Below are records to repeat exactly; do not include any pictures.

(EXTRACTED INFORMATION begins)

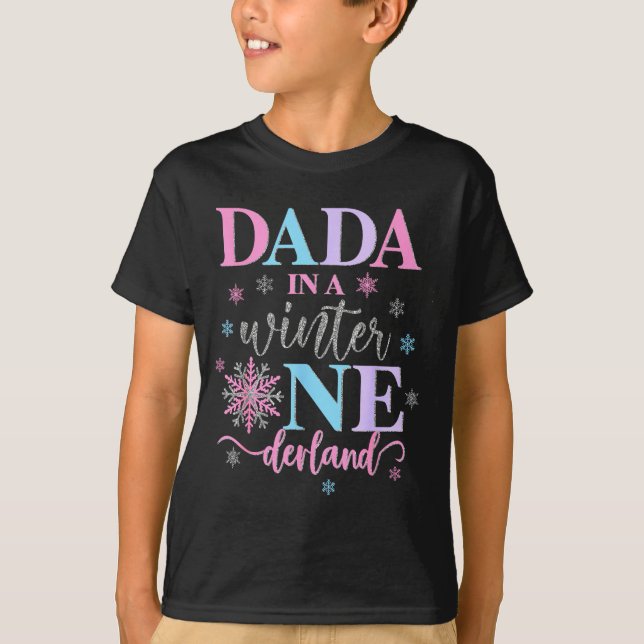Dada In A Winter Onederland Birthday Girl Sweet Sn T Shirt (Framsida)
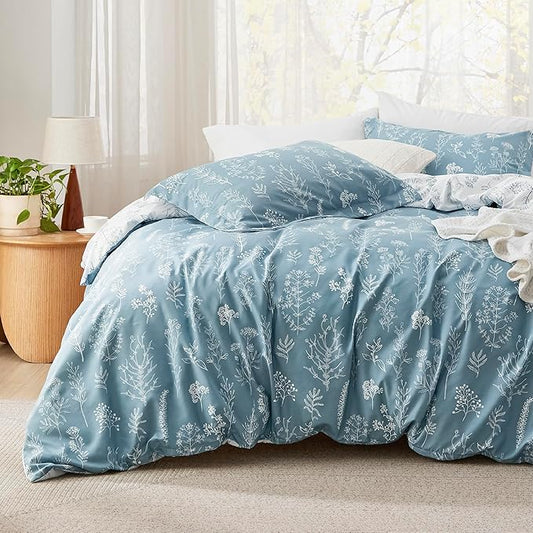 Bedsure Duvet Cover King Size - Reversible Mineral Blue King Duvet Cover Set with Zipper Closure, 3 Pieces Floral Patterned Bedding Set with 8 Corner Ties and 2 Pillow Shams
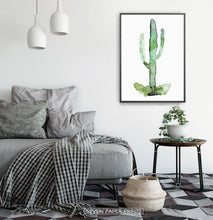 Load image into Gallery viewer, Cactus Watercolor Set of 3 Botanical Wall Art
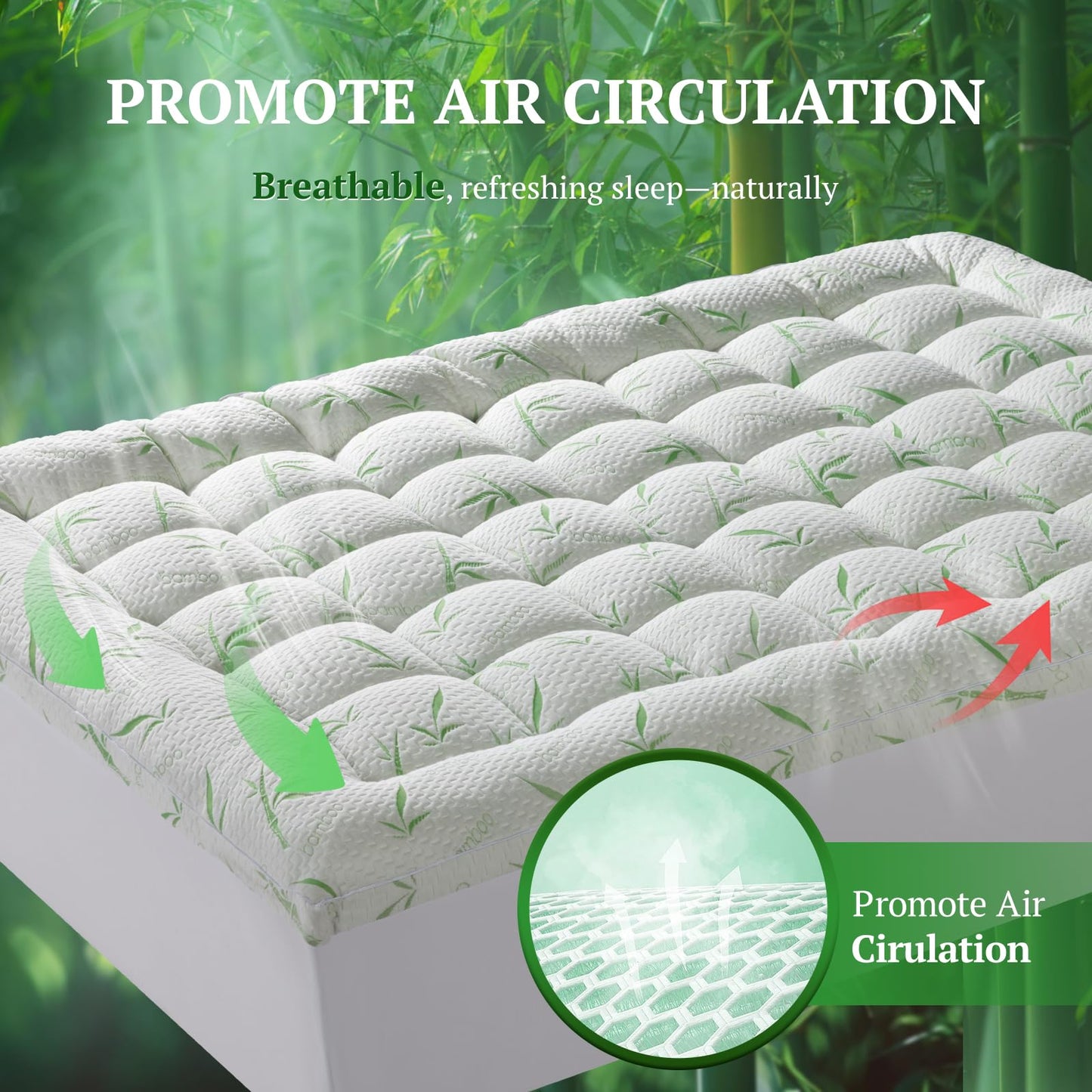 LIANLAM Mattress Topper Full Size - 1500GSM 3D+7D Down Alternative Fill 3 in Pillow Top Mattress Pad, Viscose Made from Bamboo Cover, Extra Firm for Back Pain, 6"-18" Deep Pocket(54"x75")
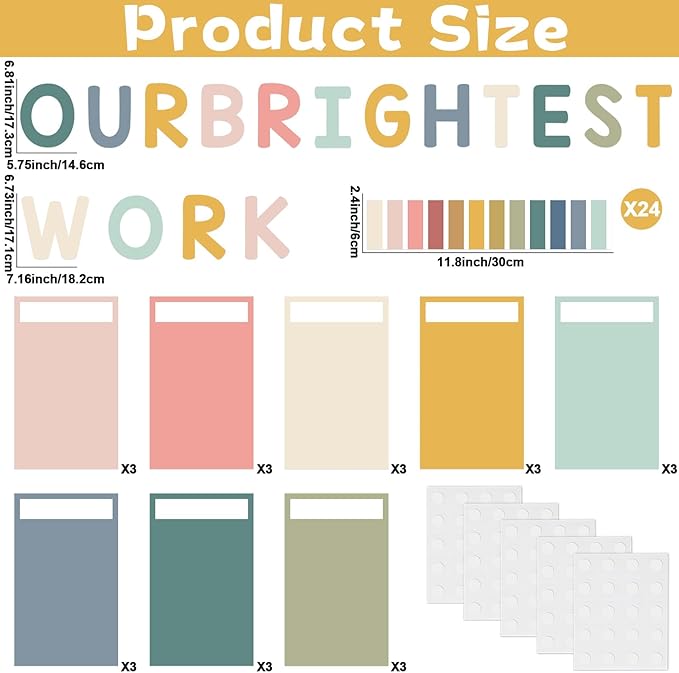 Student Work Display Bulletin Board Decoration Set Boho Wow Works Display Paper Cutouts Our Brightest Work Classroom Decoration for Teacher Student Back to School Motivational Chalkboard Wall Supplies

(EXTRACTED INFORMATION ends)

SOLUTION =
Dada In A Winter Onederland Birthday Girl Sweet Sn T Shirt (Framsida)
 Bedsure Duvet Cover King Size - Reversible Mineral Blue King Duvet Cover Set with Zipper Closure, 3 Pieces Floral Patterned Bedding Set with 8 Corner Ties and 2 Pillow Shams
 Load image into Gallery viewer, Cactus Watercolor Set of 3 Botanical Wall Art
 LIANLAM Mattress Topper Full Size - 1500GSM 3D+7D Down Alternative Fill 3 in Pillow Top Mattress Pad, Viscose Made from Bamboo Cover, Extra Firm for Back Pain, 6"-18" Deep Pocket(54"x75")
 Student Work Display Bulletin Board Decoration Set Boho Wow Works Display Paper Cutouts Our Brightest Work Classroom Decoration for Teacher Student Back to School Motivational Chalkboard Wall Supplies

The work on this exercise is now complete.